Thursday, November 22, 2007 3:43 PM
I like many people now use
Linked-In as my primary source of business contact information, it’s not ideal as I am concern about my privacy and am I really feeding some kind of great big marketing machine? However it is fantastically useful for keeping track of people as they move around.
One of the primary reasons why you have a person as a business contact in the first place is because of the role they currently occupy. When that person moves roles, your link to that role has been lost.
A classic example is an Account Manager. It’s pretty rare these days for someone to stay in that role for more than 2 years, so when they move on you want a smooth almost seamless transition. Today this is not the case. Using Social Networking it could be! It would mean that the Social Network would need to know about the person and treat the role as a separate entity.
Having a living ‘role network’ could also make position verification a lot easier as well. So roles advertised on a CV would just mean a simple check through a roles history to see if that person actually did hold it.
Why stop at roles? You could do this with skills accreditations, courses, group membership and the list can go on and on.

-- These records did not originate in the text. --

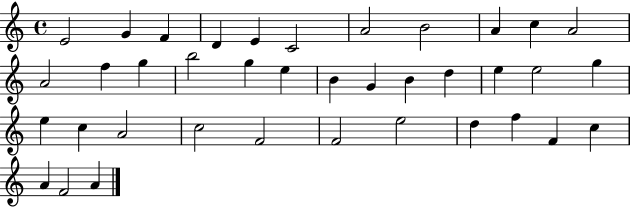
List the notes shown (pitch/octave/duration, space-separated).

E4/h G4/q F4/q D4/q E4/q C4/h A4/h B4/h A4/q C5/q A4/h A4/h F5/q G5/q B5/h G5/q E5/q B4/q G4/q B4/q D5/q E5/q E5/h G5/q E5/q C5/q A4/h C5/h F4/h F4/h E5/h D5/q F5/q F4/q C5/q A4/q F4/h A4/q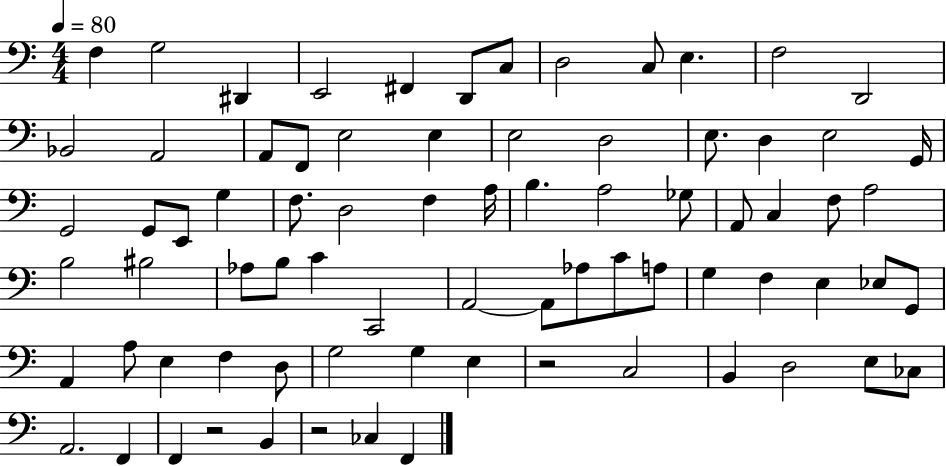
F3/q G3/h D#2/q E2/h F#2/q D2/e C3/e D3/h C3/e E3/q. F3/h D2/h Bb2/h A2/h A2/e F2/e E3/h E3/q E3/h D3/h E3/e. D3/q E3/h G2/s G2/h G2/e E2/e G3/q F3/e. D3/h F3/q A3/s B3/q. A3/h Gb3/e A2/e C3/q F3/e A3/h B3/h BIS3/h Ab3/e B3/e C4/q C2/h A2/h A2/e Ab3/e C4/e A3/e G3/q F3/q E3/q Eb3/e G2/e A2/q A3/e E3/q F3/q D3/e G3/h G3/q E3/q R/h C3/h B2/q D3/h E3/e CES3/e A2/h. F2/q F2/q R/h B2/q R/h CES3/q F2/q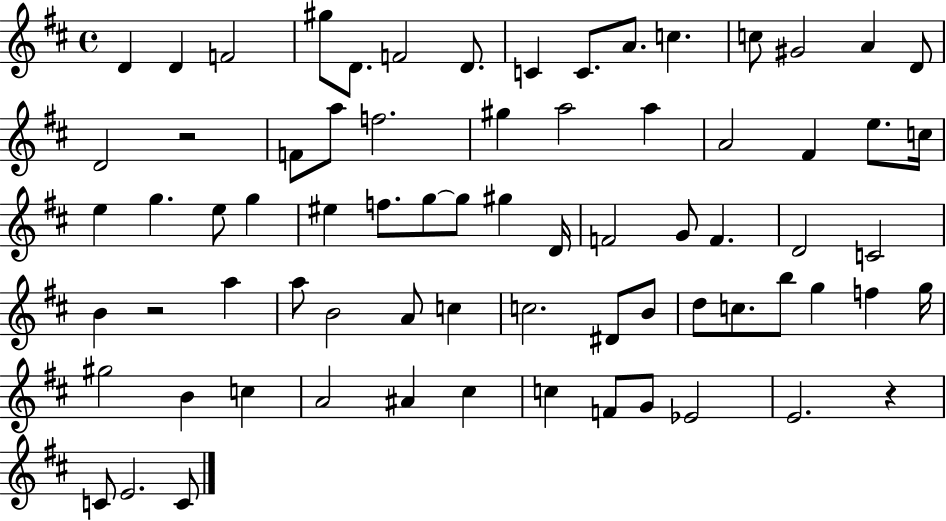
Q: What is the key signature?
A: D major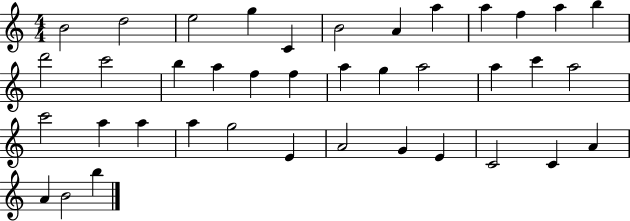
B4/h D5/h E5/h G5/q C4/q B4/h A4/q A5/q A5/q F5/q A5/q B5/q D6/h C6/h B5/q A5/q F5/q F5/q A5/q G5/q A5/h A5/q C6/q A5/h C6/h A5/q A5/q A5/q G5/h E4/q A4/h G4/q E4/q C4/h C4/q A4/q A4/q B4/h B5/q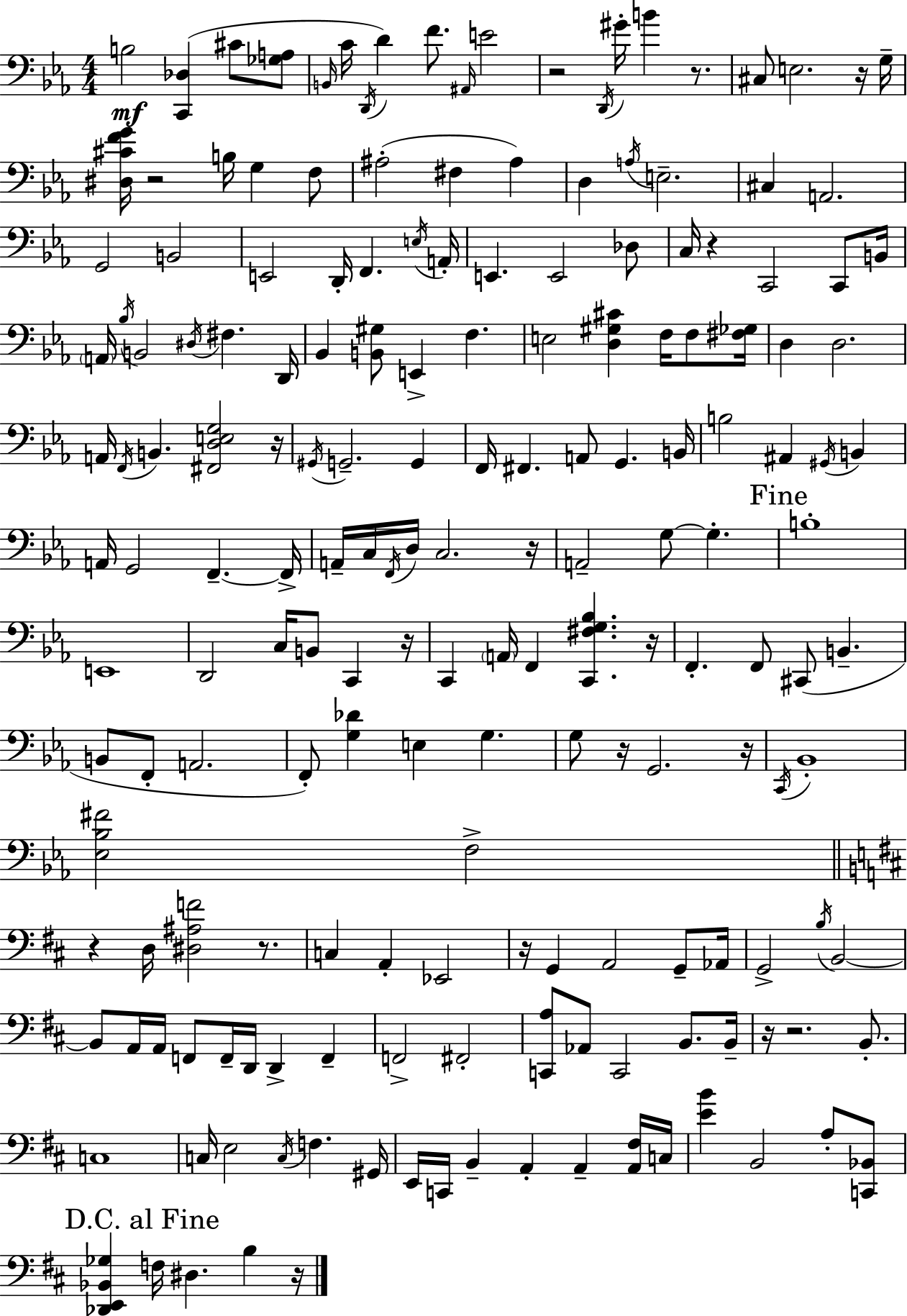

The flip-side is of course the issues of big-brother and privacy reflected in the week news is a perfect example of the level of trust and confidence we have in organisations that hold this kind of information is at an all time low.
Privacy and security laws, rules and standards need to be adhered to at whatever expense; it becomes pointless having any of them if you decided which ones you chose to adhere too and when.
Making life easier shouldn’t be at the expense of trust.